= Material for this task =
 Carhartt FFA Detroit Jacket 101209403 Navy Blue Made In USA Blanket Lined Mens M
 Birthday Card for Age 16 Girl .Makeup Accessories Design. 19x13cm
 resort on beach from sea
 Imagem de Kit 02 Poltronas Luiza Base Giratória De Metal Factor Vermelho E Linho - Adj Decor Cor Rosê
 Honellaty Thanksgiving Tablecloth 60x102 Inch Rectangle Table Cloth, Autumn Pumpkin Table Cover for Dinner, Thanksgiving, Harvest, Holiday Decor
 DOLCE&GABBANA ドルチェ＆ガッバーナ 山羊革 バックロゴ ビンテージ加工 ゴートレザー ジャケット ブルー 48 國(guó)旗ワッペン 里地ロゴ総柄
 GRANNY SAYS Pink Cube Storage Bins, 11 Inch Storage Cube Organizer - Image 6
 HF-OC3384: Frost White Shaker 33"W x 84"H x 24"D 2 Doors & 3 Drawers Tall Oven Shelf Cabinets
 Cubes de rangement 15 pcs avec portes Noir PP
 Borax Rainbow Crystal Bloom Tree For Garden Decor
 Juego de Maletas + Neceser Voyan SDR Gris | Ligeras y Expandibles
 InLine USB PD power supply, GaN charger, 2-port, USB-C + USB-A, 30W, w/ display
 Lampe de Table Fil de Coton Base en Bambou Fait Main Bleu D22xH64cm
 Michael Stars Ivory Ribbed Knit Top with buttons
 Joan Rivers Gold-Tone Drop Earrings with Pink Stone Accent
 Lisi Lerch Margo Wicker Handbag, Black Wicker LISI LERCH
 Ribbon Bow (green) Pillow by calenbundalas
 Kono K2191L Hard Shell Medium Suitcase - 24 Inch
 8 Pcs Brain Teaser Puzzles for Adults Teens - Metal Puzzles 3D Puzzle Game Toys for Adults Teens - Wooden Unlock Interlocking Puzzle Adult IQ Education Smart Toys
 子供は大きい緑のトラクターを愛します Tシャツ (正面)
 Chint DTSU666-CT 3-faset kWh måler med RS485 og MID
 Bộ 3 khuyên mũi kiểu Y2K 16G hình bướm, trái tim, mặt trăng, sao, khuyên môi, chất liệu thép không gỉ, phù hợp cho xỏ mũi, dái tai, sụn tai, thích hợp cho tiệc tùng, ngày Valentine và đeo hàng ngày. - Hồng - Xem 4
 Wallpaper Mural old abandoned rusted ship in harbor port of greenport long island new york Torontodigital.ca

= Exercise description =
Every line above that holds "Metal" counts once; state the total and nothing else.

= Reply =
2